Speaking as an owner, there are three speaker jacks in the rear: Mono (8 ohms/150 watts), Left (4 ohms/75 watts) and Right (4 ohms/75 watts). The button that is labeled 'Bridge/Mono" is meant to be pressed when using the single Mono speaker jack alone. When driving two 4 ohm cabs, the button is not depressed and the cabs plug into the Left and Right Jack. It's that simple!

(in both cases, the ohm rating is minimum, which is important for SS)
My question is because the manual says " The Mono output is to be used when the Bridge Mono switch (#10) is depressed" - but it is still operational when the switch is not depressed. However, switching it in and out doesn't seem to change the volume at all really - is this the same for you? Maybe (as phonix says) it's what I should expect.
 

The Kid

Member
Messages
5,423
All these comments....have you ever seen a Crate Power Block up close?
Speaking as an owner, there are three speaker jacks in the rear: Mono (8 ohms/150 watts), Left (4 ohms/75 watts) and Right (4 ohms/75 watts). The button that is labeled 'Bridge/Mono" is meant to be pressed when using the single Mono speaker jack alone. When driving two 4 ohm cabs, the button is not depressed and the cabs plug into the Left and Right Jack. It's that simple!

(in both cases, the ohm rating is minimum, which is important for SS)
Good to know.
 

IM4Tone

Member
Messages
3,769
My question is because the manual says " The Mono output is to be used when the Bridge Mono switch (#10) is depressed" - but it is still operational when the switch is not depressed. However, switching it in and out doesn't seem to change the volume at all really - is this the same for you? Maybe (as phonix says) it's what I should expect.
I just follow the directions because it's solid state, not tube. A single cab 8 ohm (or more) plugged into Mono w/ the switch depressed makes available the maximum safe volume. You want less....turn the vol. &/or gain knobs down. We're not dealing with preamp nor power tube distortion here.

So, what is the point of the question? If it's purely curiosity, you need a schematic to see how the speaker jacks are wired and the bridge switch...i.e. parallel, series, with resistance added, etc.

If you just want to know how to safely operate the amp, follow the directions.
 

topo morto

Member
Messages
1,574
So, what is the point of the question?
I just got it off ebay and want to know if it's working properly.

With the instrument plugged into the front panel input, and an 8 ohm cab plugged into the mono output, I was wondering why I don't get a perceptible volume boost when pushing 'bridged mono'.
 

Bobby1Note

Member
Messages
34
I just got it off ebay and want to know if it's working properly.

With the instrument plugged into the front panel input, and an 8 ohm cab plugged into the mono output, I was wondering why I don't get a perceptible volume boost when pushing 'bridged mono'.
A "doubling" of power, will only yield a barely perceptible 3dB increase,,,, at best,,,,,,

If the loudspeaker is in "power-compression", you'd get even less,,,, say, 1-2db more per doubling of power.
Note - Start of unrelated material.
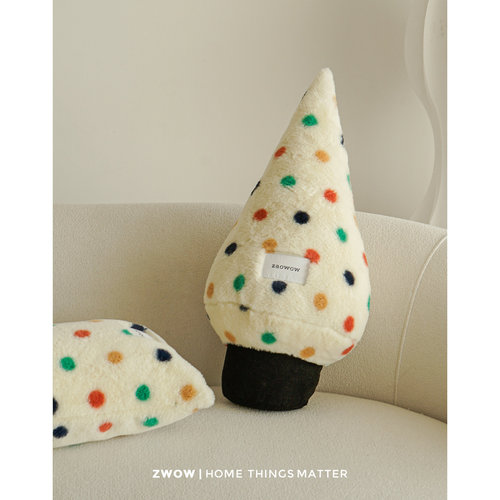 造卧zwow【草莓】仿兔毛彩色波点异形圣诞树抱枕客厅卧室靠枕礼物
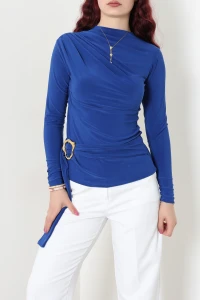 Drapeli Kemer Toka Detaylı Sandy Bluz Saks - 72113.2023.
Added power to the speaker,,, means added voice-coil temperature, over-excursion,,,, and the premature release of the "magic smoke".
 

topo morto

Member
Messages
1,574
The volume does not change. There's certainly no 3dB increase. this is with things all very quiet and low power - very much doubt any limits are being hit.
 

louiscyfer

Member
Messages
99
The volume does not change. There's certainly no 3dB increase. this is with things all very quiet and low power - very much doubt any limits are being hit.
3dB increase is difficult to hear. there would be no increase in volume at the same volume setting, the only time you would notice it when you push it to maximum capacity. you'll have more headroom, so it will be louder before going into clipping. that is the only place you'd notice.
 

topo morto

Member
Messages
1,574
3dB increase is difficult to hear.
I know 3dB's only a small difference, but if there actually was a 3dB difference between the modes (at the same volume setting) I'd have thought it'd be enough to hear when actually switching the button in and out. I can't hear any difference - I was just wondering if this was the same for other owners.

there would be no increase in volume at the same volume setting.
Well if that's the answer, that's the answer! thanks.